• _Data shown_
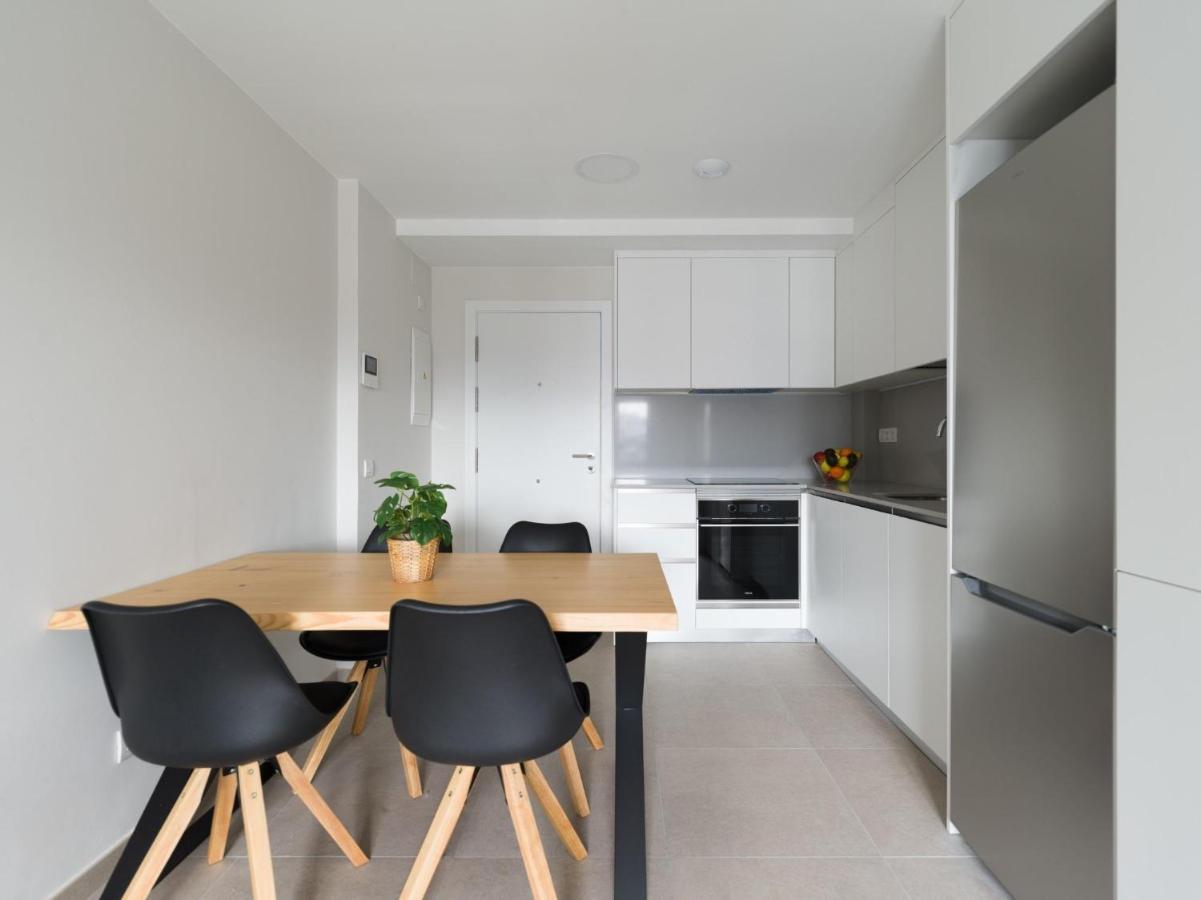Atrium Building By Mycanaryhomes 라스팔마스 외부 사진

==

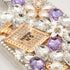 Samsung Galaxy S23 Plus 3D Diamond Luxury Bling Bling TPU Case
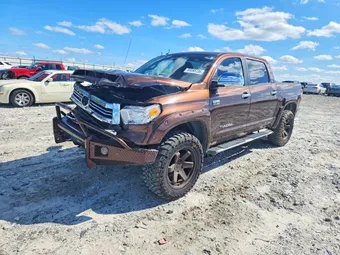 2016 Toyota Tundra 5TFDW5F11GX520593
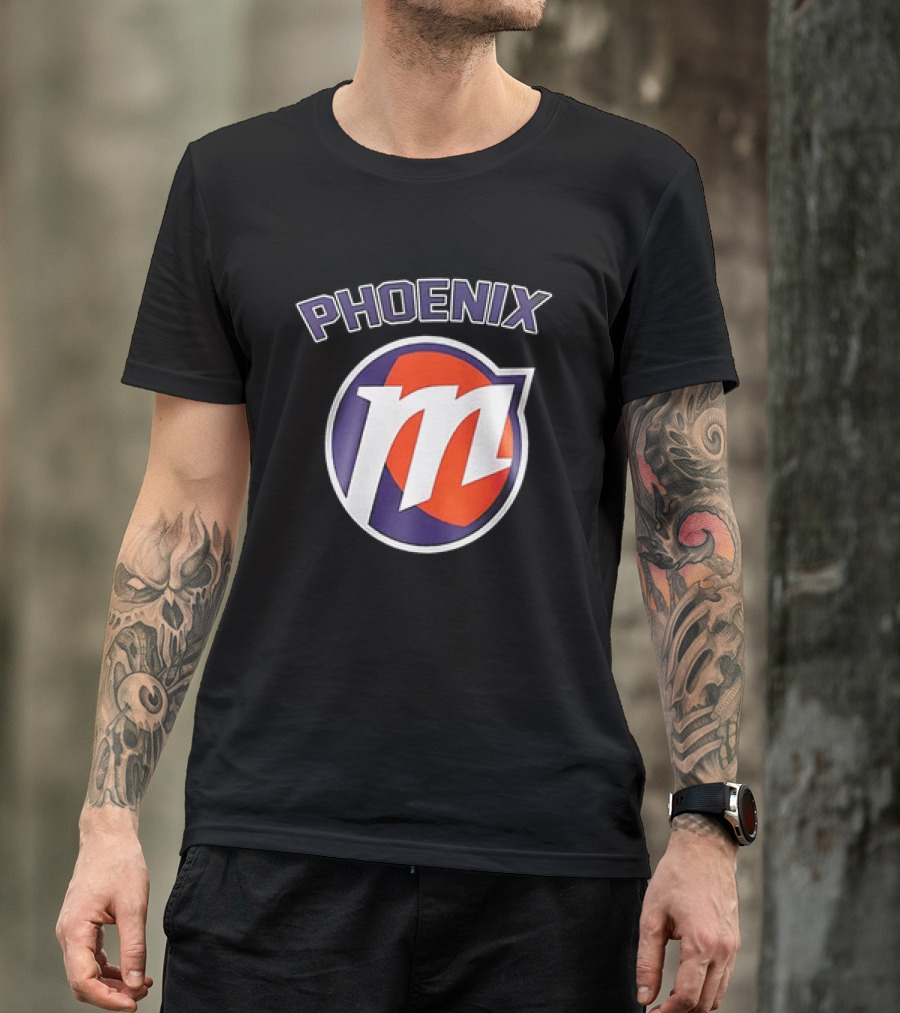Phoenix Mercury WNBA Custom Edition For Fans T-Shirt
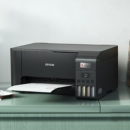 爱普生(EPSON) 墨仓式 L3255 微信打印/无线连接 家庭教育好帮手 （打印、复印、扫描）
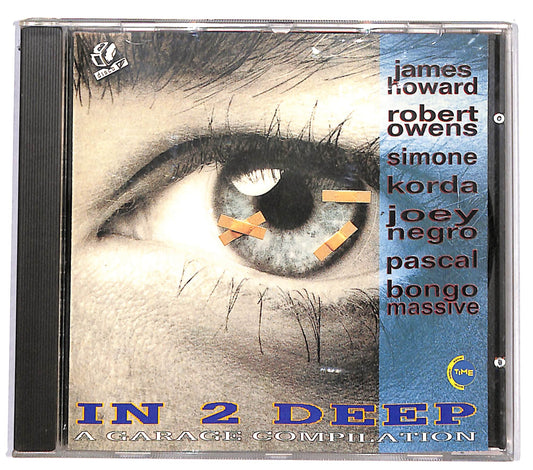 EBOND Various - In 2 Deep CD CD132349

• _Task_
Pictures in the material above should be skipped; print exactly the lines from the one with "Phoenix Mercury WNBA" through the one with "EBOND Various - In 2 Deep CD CD132349".

• _Result_
Phoenix Mercury WNBA Custom Edition For Fans T-Shirt
 爱普生(EPSON) 墨仓式 L3255 微信打印/无线连接 家庭教育好帮手 （打印、复印、扫描）
 EBOND Various - In 2 Deep CD CD132349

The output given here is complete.